(EXERCISE GOAL) Copy every line in the records below that contains the word "Atlas".

(DATA EXTRACTS)
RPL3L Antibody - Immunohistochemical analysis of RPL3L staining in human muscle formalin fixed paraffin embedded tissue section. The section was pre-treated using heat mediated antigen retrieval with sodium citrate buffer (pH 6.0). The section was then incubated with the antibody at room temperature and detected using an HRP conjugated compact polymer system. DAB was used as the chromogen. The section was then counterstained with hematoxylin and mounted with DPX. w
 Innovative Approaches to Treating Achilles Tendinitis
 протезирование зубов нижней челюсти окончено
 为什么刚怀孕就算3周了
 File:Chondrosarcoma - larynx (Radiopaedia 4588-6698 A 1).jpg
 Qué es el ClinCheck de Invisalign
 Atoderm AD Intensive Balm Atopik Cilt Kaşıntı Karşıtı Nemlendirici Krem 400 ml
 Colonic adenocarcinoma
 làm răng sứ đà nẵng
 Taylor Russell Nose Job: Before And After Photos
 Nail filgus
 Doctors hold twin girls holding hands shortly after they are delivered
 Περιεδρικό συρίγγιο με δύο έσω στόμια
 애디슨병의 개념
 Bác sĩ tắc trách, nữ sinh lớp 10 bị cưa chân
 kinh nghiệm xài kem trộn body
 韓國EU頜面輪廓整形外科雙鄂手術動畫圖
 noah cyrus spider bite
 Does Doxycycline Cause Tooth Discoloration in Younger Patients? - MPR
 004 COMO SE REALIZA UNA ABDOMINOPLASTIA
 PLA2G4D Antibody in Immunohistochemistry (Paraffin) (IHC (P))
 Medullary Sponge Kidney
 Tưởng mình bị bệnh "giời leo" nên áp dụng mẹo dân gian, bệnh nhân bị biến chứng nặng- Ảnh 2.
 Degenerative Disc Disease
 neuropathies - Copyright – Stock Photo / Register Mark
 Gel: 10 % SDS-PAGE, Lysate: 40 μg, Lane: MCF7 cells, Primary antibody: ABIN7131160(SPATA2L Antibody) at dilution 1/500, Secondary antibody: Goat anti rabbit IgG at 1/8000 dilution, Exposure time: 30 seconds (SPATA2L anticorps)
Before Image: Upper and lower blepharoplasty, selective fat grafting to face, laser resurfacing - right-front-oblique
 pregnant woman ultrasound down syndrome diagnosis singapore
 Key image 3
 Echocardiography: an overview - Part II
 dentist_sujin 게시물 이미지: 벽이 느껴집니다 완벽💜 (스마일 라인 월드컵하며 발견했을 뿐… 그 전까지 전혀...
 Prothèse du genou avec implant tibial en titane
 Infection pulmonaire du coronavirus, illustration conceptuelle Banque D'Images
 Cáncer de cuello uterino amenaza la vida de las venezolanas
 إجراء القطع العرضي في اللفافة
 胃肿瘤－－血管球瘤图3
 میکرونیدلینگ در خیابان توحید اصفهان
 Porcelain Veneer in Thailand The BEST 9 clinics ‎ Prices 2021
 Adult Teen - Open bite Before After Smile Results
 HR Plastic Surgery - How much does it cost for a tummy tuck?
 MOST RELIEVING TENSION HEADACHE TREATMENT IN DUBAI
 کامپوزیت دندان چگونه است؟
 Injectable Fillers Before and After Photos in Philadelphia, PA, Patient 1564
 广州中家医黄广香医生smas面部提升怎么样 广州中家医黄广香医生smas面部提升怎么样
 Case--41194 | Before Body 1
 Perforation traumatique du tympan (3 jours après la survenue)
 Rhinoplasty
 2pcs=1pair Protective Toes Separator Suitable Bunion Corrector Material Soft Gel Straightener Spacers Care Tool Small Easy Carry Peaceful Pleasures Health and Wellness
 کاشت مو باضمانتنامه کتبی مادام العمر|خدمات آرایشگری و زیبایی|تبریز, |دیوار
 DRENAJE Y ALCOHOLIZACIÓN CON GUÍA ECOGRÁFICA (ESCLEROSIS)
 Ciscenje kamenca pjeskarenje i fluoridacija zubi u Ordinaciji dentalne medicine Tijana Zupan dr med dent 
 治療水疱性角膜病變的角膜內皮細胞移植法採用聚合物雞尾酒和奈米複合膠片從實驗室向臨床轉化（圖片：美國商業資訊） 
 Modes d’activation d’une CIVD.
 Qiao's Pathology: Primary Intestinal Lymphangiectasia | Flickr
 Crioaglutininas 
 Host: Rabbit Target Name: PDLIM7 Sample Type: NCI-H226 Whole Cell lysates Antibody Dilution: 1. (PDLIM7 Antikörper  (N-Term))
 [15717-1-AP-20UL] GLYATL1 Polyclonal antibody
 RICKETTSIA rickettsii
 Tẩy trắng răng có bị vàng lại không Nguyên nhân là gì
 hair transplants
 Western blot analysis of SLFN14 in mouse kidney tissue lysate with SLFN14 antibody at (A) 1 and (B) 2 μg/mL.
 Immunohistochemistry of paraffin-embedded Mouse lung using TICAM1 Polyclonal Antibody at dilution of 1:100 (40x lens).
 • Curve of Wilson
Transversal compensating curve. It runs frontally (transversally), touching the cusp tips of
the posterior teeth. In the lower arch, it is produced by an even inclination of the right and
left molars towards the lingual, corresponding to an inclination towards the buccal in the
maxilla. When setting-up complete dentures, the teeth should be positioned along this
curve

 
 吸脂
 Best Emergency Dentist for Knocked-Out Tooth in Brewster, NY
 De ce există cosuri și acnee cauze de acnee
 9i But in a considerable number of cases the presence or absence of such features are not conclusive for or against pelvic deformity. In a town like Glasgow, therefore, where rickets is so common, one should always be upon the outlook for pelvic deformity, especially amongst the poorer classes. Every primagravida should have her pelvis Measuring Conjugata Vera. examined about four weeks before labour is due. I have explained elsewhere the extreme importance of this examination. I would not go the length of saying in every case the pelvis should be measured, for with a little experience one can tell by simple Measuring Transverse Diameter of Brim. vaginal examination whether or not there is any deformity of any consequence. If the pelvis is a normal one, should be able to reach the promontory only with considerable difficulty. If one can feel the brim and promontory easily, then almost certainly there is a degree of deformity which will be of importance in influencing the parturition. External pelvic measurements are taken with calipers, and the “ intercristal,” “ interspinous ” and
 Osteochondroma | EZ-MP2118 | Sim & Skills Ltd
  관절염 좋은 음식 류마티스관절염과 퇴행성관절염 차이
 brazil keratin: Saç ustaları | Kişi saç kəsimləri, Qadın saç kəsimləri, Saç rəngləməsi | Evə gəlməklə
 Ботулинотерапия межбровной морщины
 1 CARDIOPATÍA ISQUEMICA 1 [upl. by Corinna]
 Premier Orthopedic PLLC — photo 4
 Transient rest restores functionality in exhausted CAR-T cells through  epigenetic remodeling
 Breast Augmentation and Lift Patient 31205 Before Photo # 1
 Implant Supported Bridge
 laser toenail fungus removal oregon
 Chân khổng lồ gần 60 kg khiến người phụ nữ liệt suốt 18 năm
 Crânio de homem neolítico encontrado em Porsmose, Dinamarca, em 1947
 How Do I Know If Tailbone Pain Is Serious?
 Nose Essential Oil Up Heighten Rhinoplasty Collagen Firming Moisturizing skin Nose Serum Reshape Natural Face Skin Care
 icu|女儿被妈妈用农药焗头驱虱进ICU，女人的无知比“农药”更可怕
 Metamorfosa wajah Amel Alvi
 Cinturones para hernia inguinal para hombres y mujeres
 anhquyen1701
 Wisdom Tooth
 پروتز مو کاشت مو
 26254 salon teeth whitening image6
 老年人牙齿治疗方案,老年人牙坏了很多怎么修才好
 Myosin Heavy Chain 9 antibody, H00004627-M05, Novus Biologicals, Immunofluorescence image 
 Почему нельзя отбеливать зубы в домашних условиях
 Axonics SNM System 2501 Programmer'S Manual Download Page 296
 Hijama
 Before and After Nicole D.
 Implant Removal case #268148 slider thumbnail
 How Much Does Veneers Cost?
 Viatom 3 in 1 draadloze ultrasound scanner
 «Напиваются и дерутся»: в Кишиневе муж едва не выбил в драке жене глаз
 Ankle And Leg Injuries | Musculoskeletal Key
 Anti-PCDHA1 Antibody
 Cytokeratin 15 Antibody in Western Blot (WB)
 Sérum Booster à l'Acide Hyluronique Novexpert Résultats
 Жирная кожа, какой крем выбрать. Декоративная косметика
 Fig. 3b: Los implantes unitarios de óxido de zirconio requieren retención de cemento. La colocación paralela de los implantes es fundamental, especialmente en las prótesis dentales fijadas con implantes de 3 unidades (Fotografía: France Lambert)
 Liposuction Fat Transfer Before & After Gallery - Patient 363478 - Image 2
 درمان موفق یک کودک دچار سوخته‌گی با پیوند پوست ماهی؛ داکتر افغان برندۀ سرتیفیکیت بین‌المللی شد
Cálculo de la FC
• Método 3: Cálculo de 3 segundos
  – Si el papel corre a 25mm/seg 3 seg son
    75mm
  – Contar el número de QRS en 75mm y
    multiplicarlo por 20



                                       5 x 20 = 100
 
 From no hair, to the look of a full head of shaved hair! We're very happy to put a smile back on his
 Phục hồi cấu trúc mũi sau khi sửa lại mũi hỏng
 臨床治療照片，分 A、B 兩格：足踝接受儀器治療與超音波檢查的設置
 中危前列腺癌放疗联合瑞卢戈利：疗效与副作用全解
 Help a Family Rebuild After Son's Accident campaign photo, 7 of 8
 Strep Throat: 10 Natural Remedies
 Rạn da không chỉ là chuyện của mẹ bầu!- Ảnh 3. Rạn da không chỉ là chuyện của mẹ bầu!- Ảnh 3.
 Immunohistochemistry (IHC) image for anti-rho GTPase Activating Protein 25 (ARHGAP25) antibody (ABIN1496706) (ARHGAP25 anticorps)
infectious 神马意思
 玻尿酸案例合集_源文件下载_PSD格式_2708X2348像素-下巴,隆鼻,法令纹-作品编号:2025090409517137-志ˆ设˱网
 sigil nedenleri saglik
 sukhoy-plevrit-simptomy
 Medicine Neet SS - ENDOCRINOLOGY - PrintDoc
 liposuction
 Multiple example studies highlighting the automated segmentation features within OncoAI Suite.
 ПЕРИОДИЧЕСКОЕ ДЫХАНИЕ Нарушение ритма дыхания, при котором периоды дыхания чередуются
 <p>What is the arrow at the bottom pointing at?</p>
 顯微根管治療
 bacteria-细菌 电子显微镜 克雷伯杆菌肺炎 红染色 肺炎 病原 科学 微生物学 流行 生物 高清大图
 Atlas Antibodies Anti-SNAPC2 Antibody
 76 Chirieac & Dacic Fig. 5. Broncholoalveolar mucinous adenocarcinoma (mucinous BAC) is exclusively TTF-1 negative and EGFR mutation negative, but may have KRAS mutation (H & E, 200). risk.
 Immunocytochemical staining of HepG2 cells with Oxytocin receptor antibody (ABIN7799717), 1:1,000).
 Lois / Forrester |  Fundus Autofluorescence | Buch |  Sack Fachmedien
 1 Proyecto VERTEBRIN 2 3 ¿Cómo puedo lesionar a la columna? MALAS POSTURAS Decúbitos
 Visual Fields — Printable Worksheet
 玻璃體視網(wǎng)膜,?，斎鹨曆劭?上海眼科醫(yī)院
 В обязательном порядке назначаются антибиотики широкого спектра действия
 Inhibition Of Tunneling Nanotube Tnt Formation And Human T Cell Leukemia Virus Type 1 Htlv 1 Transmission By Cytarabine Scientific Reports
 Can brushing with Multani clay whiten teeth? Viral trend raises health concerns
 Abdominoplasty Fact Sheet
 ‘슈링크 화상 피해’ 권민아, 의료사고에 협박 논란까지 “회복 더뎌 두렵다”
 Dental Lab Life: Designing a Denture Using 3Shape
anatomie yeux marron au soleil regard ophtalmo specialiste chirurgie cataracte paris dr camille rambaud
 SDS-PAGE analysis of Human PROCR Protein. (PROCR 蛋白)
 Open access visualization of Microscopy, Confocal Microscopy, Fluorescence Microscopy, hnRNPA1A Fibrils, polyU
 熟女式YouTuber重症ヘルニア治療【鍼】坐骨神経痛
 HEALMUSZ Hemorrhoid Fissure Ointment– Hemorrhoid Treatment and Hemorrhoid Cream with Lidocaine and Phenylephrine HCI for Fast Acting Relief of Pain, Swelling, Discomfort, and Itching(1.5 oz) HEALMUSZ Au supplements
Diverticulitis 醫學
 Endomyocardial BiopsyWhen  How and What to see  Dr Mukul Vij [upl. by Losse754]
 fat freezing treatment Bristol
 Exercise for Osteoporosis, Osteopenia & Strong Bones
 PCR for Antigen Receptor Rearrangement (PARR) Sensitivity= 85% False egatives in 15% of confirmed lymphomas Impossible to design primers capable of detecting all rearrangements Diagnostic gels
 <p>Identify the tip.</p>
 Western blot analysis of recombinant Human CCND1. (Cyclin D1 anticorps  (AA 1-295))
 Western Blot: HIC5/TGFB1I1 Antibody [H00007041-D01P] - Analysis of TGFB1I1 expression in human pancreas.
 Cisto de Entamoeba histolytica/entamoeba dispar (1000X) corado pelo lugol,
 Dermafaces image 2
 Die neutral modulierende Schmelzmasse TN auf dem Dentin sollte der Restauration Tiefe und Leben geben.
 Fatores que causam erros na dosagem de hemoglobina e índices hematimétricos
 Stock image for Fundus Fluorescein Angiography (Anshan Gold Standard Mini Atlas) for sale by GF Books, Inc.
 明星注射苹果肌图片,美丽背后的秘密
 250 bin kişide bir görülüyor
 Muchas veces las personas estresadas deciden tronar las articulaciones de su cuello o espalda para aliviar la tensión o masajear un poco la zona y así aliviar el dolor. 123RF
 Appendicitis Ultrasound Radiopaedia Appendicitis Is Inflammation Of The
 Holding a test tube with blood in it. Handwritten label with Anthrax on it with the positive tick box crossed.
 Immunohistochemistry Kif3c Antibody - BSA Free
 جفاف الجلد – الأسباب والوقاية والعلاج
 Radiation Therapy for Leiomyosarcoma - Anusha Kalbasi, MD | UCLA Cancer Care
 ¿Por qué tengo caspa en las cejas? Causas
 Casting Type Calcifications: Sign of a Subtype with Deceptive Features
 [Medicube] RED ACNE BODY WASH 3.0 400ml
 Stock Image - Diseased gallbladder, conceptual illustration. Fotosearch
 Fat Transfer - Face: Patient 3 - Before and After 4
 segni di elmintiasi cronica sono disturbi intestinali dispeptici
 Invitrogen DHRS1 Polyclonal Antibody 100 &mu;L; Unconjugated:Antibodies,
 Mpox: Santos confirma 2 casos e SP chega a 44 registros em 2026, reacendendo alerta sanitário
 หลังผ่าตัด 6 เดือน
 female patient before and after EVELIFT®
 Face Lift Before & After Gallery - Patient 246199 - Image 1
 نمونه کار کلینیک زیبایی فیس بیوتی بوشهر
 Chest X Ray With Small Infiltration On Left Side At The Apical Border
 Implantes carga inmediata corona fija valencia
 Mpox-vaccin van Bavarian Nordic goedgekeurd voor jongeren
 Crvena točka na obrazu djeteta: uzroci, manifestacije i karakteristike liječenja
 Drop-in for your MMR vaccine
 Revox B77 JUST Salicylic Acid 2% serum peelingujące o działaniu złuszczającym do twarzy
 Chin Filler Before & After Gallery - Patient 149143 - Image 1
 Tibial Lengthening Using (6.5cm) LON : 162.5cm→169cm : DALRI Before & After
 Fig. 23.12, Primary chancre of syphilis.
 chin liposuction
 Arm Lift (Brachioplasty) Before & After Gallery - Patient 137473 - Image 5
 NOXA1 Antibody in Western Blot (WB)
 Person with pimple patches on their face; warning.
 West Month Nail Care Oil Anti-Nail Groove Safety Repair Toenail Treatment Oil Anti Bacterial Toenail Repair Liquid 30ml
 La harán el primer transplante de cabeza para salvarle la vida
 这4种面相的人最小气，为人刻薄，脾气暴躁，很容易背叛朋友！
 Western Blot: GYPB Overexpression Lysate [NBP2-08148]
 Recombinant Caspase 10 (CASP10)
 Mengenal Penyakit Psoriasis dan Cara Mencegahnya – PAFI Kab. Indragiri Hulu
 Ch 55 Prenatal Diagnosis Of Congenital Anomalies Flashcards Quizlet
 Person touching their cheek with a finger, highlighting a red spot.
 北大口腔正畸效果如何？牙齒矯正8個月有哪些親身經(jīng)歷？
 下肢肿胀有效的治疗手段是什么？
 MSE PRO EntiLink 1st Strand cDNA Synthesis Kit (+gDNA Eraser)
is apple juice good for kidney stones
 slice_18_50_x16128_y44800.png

(SOLUTION FOR THIS TASK)
 Atlas Antibodies Anti-SNAPC2 Antibody
 Stock image for Fundus Fluorescein Angiography (Anshan Gold Standard Mini Atlas) for sale by GF Books, Inc.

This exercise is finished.